The following examples use data files provided in this release of MEME. MEME writes its output to standard output, so you will want to redirect it to a file in order for use with MAST.

1) A simple DNA example:

meme crp0.s -dna -mod oops -pal > ex1
MEME looks for a single motif in the file crp0.s which contains DNA sequences in FASTA format. The OOPS model is used so MEME assumes that every sequence contains exactly one occurrence of the motif. The palindrome switch is given so motifs are tested to see if they are palindromes and reported as such if they are. MEME automatically chooses the best width for the motif in this example since no width was specified.

2) A fast DNA example:

meme crp0.s -dna -mod oops -pal -w 20 -noshorten > ex2
This example differs from example 1) in that MEME is told to only consider motifs of width 20. This causes MEME to execute about 10 times faster.

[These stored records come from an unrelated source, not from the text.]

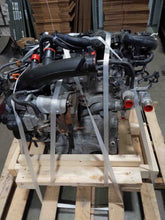 Load image into Gallery viewer, Transmission Honda CR-V 2019 - NW425424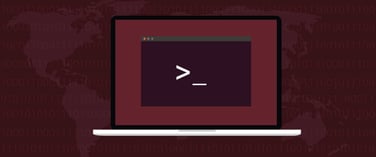 12 Best Unix Web Hosting Plans 0 01 To 20 2020 Reviews Images, Photos, Reviews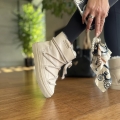 Bezowe-Sniegowce-Damskie-LURSO-model-HANNAH-BEIGE-skora-naturalna (19).jpeg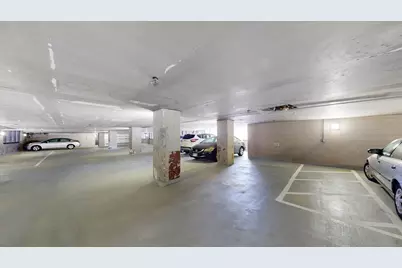 169 Monsignor O'Brian Highway #801, Cambridge, MA 02141 - Photo 16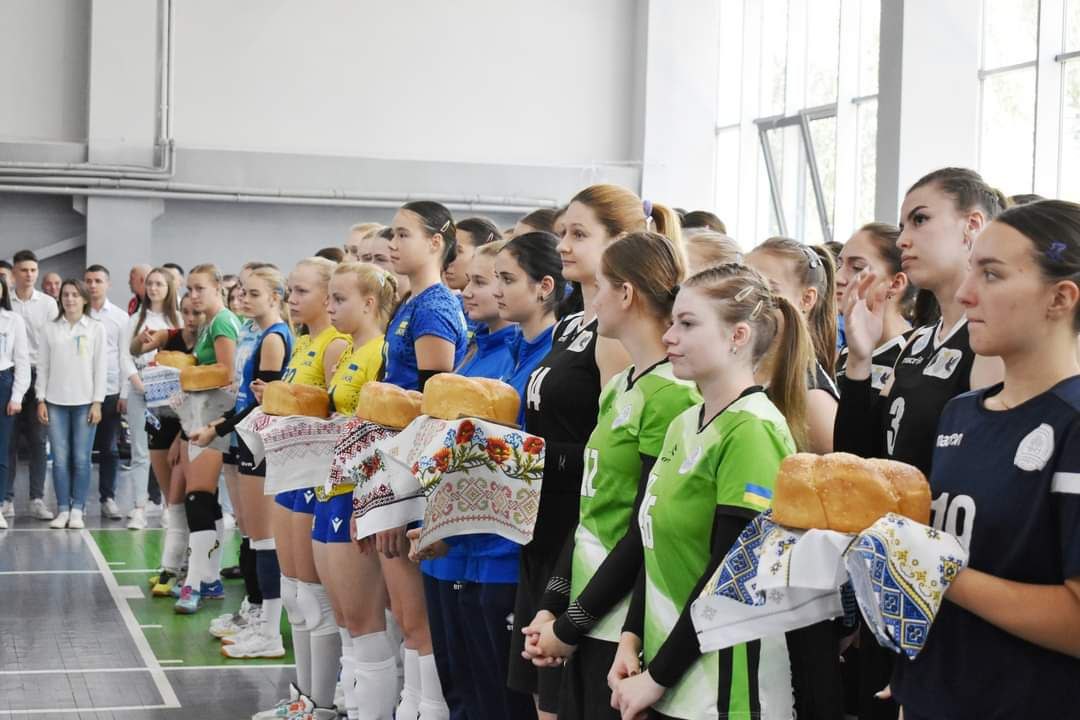 Світлина 2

The -w and -noshorten switches can also be used with protein datasets if the width of the motifs are known in advance.

3) A simple protein example:

meme lipocalin.s -mod oops -maxw 20 -nmotifs 2 > ex3
MEME searches for two motifs each of width less than or equal to 20. (Specifying -maxw 20 makes MEME run faster since it does not have to consider motifs longer than 20.) Each motif is assumed to occur in each of the sequences because the OOPS model is specified.

4) Another simple protein example:

meme farntrans5.s -mod tcm -maxw 50 -nmotifs 3 > ex4

MEME searches for three motifs of maximum width 50 using the TCM sequence model which allows each motif to have any number of occurrences in each sequence. This dataset contains motifs with multiple repeats in each sequence.